• **Work to be completed**
Locate the line that contains "Immagine di Uscita" in the entries below, then repeat it and every following line through the line that contains "Honda PRELUDE 2026-02 4176818-12", exactly, and no others.

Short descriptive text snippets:

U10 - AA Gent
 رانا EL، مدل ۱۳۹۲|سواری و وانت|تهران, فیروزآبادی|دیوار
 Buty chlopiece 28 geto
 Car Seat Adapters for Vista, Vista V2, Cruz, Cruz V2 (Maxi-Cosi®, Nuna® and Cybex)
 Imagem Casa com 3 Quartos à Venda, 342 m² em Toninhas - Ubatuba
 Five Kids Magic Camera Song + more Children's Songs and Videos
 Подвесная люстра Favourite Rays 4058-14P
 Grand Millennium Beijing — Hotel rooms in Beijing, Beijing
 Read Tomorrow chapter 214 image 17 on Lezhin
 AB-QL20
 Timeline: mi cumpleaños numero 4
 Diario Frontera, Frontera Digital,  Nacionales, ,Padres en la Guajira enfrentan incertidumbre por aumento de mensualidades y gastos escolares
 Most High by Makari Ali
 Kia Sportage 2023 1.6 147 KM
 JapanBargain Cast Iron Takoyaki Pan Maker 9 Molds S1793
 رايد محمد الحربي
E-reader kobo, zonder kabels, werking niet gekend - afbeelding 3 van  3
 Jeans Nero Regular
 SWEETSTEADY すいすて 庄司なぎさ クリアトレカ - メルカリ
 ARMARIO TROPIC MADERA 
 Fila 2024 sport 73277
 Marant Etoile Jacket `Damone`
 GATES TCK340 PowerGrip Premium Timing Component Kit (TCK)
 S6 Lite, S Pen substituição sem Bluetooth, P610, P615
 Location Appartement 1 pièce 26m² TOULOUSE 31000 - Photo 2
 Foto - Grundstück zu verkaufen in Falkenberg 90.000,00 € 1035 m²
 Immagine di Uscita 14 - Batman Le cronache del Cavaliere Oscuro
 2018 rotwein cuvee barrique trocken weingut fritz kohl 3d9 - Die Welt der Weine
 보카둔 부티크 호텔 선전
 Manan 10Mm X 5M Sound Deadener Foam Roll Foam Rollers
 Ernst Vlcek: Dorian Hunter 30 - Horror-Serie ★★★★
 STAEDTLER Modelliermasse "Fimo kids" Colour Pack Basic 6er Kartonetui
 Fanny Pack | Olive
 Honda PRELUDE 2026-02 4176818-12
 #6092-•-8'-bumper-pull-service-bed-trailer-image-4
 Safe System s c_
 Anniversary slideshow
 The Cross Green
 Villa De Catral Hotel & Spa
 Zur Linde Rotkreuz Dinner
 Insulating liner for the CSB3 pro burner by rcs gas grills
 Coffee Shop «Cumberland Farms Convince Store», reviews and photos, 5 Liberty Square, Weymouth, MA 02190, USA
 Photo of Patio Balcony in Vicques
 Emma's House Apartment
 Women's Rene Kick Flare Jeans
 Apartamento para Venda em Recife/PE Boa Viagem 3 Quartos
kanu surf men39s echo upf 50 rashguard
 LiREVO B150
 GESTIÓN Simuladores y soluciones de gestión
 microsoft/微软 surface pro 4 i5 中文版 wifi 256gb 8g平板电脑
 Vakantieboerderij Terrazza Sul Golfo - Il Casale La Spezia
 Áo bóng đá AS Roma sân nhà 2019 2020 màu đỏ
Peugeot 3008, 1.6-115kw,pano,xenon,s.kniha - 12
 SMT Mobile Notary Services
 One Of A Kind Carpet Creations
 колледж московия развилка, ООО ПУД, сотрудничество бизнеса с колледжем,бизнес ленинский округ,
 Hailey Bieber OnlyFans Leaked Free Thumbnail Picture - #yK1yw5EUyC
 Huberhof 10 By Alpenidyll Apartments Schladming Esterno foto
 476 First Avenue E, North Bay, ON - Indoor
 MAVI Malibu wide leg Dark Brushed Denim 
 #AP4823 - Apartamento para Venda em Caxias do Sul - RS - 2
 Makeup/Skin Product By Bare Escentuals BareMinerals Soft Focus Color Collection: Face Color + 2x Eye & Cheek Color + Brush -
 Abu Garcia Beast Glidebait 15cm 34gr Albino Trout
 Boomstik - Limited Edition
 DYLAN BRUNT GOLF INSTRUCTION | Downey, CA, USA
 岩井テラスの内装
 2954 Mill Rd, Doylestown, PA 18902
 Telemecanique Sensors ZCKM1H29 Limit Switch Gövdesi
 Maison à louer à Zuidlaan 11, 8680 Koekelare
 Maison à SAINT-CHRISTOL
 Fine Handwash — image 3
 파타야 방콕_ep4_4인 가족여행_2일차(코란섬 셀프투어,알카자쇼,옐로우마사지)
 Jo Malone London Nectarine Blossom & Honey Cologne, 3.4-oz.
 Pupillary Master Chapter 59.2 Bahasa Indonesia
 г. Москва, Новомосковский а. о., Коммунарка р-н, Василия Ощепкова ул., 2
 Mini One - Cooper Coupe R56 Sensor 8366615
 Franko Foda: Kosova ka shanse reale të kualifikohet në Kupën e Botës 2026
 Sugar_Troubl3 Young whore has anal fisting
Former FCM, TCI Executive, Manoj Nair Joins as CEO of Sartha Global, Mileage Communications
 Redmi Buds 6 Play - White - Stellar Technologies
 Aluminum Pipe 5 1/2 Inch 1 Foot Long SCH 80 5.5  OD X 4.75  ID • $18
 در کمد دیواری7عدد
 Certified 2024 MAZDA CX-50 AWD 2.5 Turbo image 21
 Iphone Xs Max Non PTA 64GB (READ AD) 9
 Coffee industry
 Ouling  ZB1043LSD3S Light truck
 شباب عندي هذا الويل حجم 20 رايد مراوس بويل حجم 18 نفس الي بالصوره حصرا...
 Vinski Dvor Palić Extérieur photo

• **Problem solution**
 Immagine di Uscita 14 - Batman Le cronache del Cavaliere Oscuro
 2018 rotwein cuvee barrique trocken weingut fritz kohl 3d9 - Die Welt der Weine
 보카둔 부티크 호텔 선전
 Manan 10Mm X 5M Sound Deadener Foam Roll Foam Rollers
 Ernst Vlcek: Dorian Hunter 30 - Horror-Serie ★★★★
 STAEDTLER Modelliermasse "Fimo kids" Colour Pack Basic 6er Kartonetui
 Fanny Pack | Olive
 Honda PRELUDE 2026-02 4176818-12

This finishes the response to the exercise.